- [What to produce] Which lines of the entries below contain the string "Waist"? Copy each one.

[Data supplied Boundary: Start]

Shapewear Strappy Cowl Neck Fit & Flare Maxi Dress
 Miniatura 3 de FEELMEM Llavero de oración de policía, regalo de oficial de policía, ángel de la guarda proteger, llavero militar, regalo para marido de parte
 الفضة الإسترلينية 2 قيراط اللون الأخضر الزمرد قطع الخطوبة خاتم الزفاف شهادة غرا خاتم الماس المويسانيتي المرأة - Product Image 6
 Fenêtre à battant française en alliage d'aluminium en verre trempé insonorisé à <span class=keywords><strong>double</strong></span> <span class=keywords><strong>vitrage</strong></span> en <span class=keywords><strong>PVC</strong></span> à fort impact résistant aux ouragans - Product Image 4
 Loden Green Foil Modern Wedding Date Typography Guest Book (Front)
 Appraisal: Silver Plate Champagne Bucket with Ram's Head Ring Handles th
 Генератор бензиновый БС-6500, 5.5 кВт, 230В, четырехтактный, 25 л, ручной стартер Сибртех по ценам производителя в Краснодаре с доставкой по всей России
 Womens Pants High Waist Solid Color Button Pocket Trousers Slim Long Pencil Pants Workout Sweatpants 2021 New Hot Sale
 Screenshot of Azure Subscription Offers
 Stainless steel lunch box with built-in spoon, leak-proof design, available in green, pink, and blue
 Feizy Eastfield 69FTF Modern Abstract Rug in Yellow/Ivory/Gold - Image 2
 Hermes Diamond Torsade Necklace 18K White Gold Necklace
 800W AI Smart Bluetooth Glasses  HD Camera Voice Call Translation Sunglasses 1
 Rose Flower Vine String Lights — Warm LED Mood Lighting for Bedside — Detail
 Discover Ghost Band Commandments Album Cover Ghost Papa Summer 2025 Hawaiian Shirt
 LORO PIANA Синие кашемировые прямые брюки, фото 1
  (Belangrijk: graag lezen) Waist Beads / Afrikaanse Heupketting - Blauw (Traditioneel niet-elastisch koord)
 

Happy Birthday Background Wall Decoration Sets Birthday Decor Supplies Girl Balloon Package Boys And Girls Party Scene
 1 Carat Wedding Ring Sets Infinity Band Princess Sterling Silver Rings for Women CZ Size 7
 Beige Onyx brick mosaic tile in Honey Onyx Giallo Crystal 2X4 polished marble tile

[Data supplied Boundary: End]

- [Task output]
 Womens Pants High Waist Solid Color Button Pocket Trousers Slim Long Pencil Pants Workout Sweatpants 2021 New Hot Sale
  (Belangrijk: graag lezen) Waist Beads / Afrikaanse Heupketting - Blauw (Traditioneel niet-elastisch koord)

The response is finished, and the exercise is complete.